The inferential there isn't difficult if you have a modest familiarity with one of the religions you're intent on dismissing. The illustration in the second sentence is almost a complete quote from the Bible, John 15:13, "Greater love hath no man than this, that a man lay down his life for his friends." This is an important understanding within the context of the cross, but even if you don't know that all you have to do is connect the first sentence, which is the posit, with the second sentence, which is an illustration of it, to understand the answer, accept it or not.
This is not a coherent sentence. Want to try again?
You can say the moon is a vegetable. Same impact and objective support.
But, given I simply mirrored and broadened your own remark you get points for unintended humor, again. To extend your point so that even you won't miss it, everyone is preaching within this sort of context (an internet chatroom dedicated to religious debate) and everyone has a soapbox/pulpit.

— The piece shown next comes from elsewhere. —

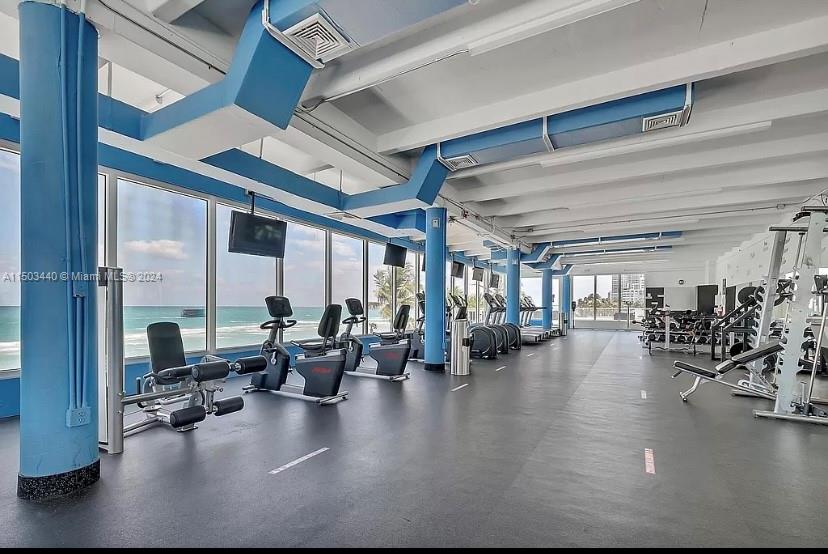 5401 Collins Ave 411, Miami Beach, Florida 33140, 1 Bedroom Bedrooms, ,1 BathroomBathrooms,Residential,For Sale,5401 Collins Ave 411,A11503440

You made a conditional statement of certainty
Rather, I answered inquiry with a speculation that is a reflection of one approach or context for the question. A context you invited when you wrote, "Be creative if you wish or pull you answers from the religious book of your choice."
y: If
X then
Y. And all I'm interested in is how you know your conditional is true:
"If love in perfection is sacrificial then man by his nature is the ideal object upon which or by which love perfected could be expressed.
Do men know their valuations to be true or do they believe them to be? Are they empirically, demonstrably true or simply consistent or inconsistent within their framework? I'd argue the latter is mostly the case with value. Broadly, social compacts tend to honor self-sacrifice above more selfish motivations, at least in principle. We set aside our highest military honor for those whose actions could be said to evidence the understanding of my Biblical paraphrase, by way of example. We give higher praise to someone who gives what they have over those who give what they can easily spare, even if that latter amount is greater in literal value than the former.
Hey, I have no lock on what people may and may not do. If you want to act as an arbiter be my guest, or if you don't want to act as an arbiter also be my guest. Don't like that I might choose to do so? Fine. Change the channel if my conclusions upset you.
I don't get upset about the comments of strangers in an internet chat room. This is fun. But I do feel free to inferentially note hypocrisy and/or an unintended humor in a given complaint.